Fisher & Paykel Healthcare’s FY20 NPAT rose by 37%
NZX and ASX listed manufacturer of breathing equipment Fisher & Paykel Healthcare Corporation Limited (NZX:FPH) is a leader in designing and marketing of respiratory care products. The company mainly operates into two groups Hospital group & Homecare product group.
On 29 June 2020, FPH revealed its results for the FY2020 ended 31 March 2020. In the fiscal year 2020, products of the company used by approximately 16 million patients, including many patients having COVID-19.
The highlights from the fiscal year 2020 are-
- In FY20, the company recorded a net profit after tax (NPAT) of ~NZ$287.3 million rose by 37% as compared to the pcp.
- The operating revenue reported to be NZ$1.26 billion, growth by 18% on pcp.
- In the hospital operating revenue, FPH reported 25% growth.
- The operating revenue from homecare product rose by 9%, 4% rise in constant currency (cc).

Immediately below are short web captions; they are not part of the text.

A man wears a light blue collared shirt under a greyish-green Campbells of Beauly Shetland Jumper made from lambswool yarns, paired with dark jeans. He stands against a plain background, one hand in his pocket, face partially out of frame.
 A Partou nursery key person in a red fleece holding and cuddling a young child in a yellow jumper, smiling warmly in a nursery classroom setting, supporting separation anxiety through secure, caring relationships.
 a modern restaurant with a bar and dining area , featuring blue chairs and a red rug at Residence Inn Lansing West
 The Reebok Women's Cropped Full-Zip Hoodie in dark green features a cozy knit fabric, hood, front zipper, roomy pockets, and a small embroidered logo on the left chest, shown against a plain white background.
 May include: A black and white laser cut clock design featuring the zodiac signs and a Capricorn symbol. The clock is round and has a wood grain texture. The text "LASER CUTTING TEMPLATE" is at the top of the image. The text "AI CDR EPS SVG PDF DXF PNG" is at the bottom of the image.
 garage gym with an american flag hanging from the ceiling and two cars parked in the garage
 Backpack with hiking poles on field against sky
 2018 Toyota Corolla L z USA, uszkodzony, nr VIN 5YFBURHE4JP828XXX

- FPH reported 4% growth in constant currency revenue in OSA masks.
- Final dividend increased to 15.5 cps from 13.5 cps, up by 15% on pcp.
Fisher & Paykel mentioned that revenue growth is primarily led by increased use of OptiflowTM nasal high flow therapy, improved requirement for products to treat COVID-19 patients, as well as strong hospital hardware sales throughout the year.
Moreover, the company stated that it is well-positioned for responding to the ongoing global health emergency and adapt to a ‘new normal’.
Stock Information- On 27 July 2020, FPH is trading at NZ$35.18 (NZST: 04:25 pm) dwindled by 0.17% from its previous close. The market capitalisation of FPH stock stood at NZ$20.26 billion.